Ansioso, Hasbún esperaba por mi llamada en el canal. Su instinto casi animal de productor de noticias, alteraba mi tranquilidad. “¿Se murió…, dime?, insistía. Había una enorme confusión y nadie confirmaba la noticia. Aproveché que un médico y un auxiliar salieran de la habitación y me colé. El cuerpo yerto, estaba cubierto con una sábana blanca. Solo dejaba al descubierto el rostro del expresidente. No se escuchaba su respiración y la pétrea expresión del médico de pie ante la cama, lo decía todo.

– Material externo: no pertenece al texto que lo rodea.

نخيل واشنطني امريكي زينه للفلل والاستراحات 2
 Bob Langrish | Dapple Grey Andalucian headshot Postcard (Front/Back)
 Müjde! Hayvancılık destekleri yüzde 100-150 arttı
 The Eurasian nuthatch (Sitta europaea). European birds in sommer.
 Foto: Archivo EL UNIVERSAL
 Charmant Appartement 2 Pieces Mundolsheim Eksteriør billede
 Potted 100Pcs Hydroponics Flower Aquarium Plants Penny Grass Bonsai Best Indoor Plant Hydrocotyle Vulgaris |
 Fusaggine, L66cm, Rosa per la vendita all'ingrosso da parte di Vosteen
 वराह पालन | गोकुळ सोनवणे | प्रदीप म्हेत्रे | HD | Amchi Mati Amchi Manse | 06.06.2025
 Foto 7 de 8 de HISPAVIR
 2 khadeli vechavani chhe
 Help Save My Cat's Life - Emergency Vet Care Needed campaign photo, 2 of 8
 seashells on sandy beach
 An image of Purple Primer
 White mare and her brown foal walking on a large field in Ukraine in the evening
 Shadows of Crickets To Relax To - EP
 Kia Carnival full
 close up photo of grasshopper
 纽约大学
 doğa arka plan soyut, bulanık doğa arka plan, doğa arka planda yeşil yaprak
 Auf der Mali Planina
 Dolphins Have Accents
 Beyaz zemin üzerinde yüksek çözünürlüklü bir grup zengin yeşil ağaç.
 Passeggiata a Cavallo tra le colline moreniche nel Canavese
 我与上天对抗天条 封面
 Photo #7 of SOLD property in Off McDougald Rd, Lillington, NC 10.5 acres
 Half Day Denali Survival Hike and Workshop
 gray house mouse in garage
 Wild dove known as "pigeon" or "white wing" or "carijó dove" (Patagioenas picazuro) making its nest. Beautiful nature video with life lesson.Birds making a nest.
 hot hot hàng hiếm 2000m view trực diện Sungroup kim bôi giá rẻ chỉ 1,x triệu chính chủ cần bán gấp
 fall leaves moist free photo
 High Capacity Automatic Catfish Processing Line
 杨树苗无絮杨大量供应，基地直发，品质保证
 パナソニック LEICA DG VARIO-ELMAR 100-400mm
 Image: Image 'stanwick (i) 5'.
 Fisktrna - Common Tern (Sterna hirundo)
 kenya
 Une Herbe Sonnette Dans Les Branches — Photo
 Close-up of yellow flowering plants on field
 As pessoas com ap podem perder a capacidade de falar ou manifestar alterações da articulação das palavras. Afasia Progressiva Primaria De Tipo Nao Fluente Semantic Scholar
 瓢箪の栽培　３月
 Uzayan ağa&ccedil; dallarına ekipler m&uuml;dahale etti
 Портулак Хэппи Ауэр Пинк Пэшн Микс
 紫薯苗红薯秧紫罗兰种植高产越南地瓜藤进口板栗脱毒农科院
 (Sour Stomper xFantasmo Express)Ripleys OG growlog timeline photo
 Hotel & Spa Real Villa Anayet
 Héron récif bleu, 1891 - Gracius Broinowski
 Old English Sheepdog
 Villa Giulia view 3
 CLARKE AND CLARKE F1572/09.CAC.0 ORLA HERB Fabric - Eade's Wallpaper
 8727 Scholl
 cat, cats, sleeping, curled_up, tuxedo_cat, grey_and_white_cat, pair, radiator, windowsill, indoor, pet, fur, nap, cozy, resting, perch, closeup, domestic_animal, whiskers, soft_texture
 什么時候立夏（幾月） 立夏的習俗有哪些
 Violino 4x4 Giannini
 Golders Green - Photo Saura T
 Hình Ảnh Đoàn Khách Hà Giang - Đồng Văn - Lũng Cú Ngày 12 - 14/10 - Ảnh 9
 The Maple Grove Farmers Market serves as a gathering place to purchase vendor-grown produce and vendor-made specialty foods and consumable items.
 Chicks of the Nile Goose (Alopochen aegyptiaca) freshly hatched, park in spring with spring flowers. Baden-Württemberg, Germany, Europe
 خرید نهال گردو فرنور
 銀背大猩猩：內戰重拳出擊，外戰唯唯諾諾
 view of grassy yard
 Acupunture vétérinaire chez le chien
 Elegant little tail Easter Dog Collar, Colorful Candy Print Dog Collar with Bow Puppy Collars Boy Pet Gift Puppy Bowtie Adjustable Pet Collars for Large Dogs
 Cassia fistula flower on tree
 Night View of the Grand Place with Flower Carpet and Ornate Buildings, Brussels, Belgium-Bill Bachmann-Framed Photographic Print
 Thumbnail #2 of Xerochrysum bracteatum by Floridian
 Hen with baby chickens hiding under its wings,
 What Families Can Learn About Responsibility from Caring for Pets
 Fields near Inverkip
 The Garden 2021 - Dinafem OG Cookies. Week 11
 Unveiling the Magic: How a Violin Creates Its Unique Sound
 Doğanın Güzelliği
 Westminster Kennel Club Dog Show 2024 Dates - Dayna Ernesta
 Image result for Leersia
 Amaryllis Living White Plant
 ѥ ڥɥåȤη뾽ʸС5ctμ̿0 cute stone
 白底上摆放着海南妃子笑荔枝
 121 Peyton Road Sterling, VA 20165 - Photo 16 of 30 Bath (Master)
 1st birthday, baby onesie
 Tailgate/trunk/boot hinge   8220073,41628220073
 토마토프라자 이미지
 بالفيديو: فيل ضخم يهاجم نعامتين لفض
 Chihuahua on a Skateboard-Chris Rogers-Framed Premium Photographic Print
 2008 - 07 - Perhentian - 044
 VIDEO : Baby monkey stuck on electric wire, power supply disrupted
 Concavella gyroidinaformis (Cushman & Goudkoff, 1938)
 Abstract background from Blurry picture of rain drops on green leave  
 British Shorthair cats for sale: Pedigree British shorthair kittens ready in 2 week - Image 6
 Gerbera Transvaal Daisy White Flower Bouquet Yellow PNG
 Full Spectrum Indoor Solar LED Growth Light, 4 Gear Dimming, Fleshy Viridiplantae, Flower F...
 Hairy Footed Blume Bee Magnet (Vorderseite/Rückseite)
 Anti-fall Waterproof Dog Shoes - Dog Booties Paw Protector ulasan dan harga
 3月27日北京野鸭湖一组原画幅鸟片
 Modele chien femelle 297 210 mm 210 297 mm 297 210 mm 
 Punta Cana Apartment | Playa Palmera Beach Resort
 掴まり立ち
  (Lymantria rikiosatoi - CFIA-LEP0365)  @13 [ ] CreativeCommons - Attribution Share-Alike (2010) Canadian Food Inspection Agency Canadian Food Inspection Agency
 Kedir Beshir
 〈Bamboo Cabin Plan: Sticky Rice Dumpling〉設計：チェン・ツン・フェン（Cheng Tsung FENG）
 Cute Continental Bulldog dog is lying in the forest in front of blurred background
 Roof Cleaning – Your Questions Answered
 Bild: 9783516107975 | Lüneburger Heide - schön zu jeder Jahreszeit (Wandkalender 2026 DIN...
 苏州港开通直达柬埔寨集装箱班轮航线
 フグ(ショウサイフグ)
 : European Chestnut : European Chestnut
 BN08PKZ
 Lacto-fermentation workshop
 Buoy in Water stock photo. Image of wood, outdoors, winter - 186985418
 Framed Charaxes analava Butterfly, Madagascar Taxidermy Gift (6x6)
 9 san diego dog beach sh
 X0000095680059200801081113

“¡Miérda!”, me dije, y salí rápidamente del cuarto. Disqué el número de Fernando. Y le informé. ¡”Tíralo”, me ordenó. “Nos iremos en vivo”. Tenía aun dudas, pero escuché el llanto de la diputada reformista Rafaela Alburquerque y le respondí a Fernando. “Bien, vamos y a Dios que reparta suerte”.
Me cerré el saco, arreglé el cuello de la camisa que había usado durante toda la cobertura anterior (había dejado la corbata en casa), me coloqué ante la cámara y dije con voz firme: “Me acaban de informar que el expresidente Joaquín Balaguer ha muerto”.
Desde la habitación donde un médico cubría el cuerpo ya sin vida del hombre que había dominado la vida dominicana desde 1961, se escuchó otro fuerte llanto.
Continué la transmisión por otra media hora. Informé que los dirigentes del partido que acompañaban a Balaguer en esos momentos finales de su vida, le habían susurrado al oído la decisión del Congreso. Fue lo último que escuchó. Pero tal vez por eso, al mirarlo en su lecho momentos antes de que exhalara su último suspiro me pareció ver una ligera y fugaz sonrisa en sus labios. Era que el restablecimiento del principio de la reelección en la Carta Magna, aprobado horas antes de su muerte por aquellos que la habían prohibido por causa de su larga permanencia en el poder, de alguna manera le habían reivindicado de lo que tanto le combatieron.
El día de su muerte tenía también un simbolismo. El hecho de que coincidiera con el de la toma de la Bastilla y el inicio de la Revolución Francesa, que cambió el mundo poniendo fin al “Viejo Régimen”, haría que la fecha de su muerte sobreviviera al olvido.
“Ese hijo…., tuvo tanto control de su vida que escogió también el día de su muerte”, musité para mis adentros, mientras servía al canal detalles del ambiente en el hospital.
Tras la breve transmisión regresé al canal donde me esperaba Alicia, para continuar con una cobertura continua que se prolongó cuatro días hasta la madrugada del jueves, cuando los restos de Balaguer, después de un largo sepelio iniciado temprano en la mañana para llevarlo a varios lugares para despedirlo, fueron introducidos en el mausoleo donde aún reposan.
Cuando agotada por la larga y calurosa jornada, la reportera describió ese momento final diciendo que la sepultura era el “lugar de dónde nunca saldrá”, tal vez exhausto por casi cinco días de labor sin descanso, murmuré en el aire: “No apuestes a eso”.
Cuando todo acabó, al cerrar la transmisión alcancé a rememorar la despedida que se atribuye a Beethoven justo al morir: “La comedia ha terminado”.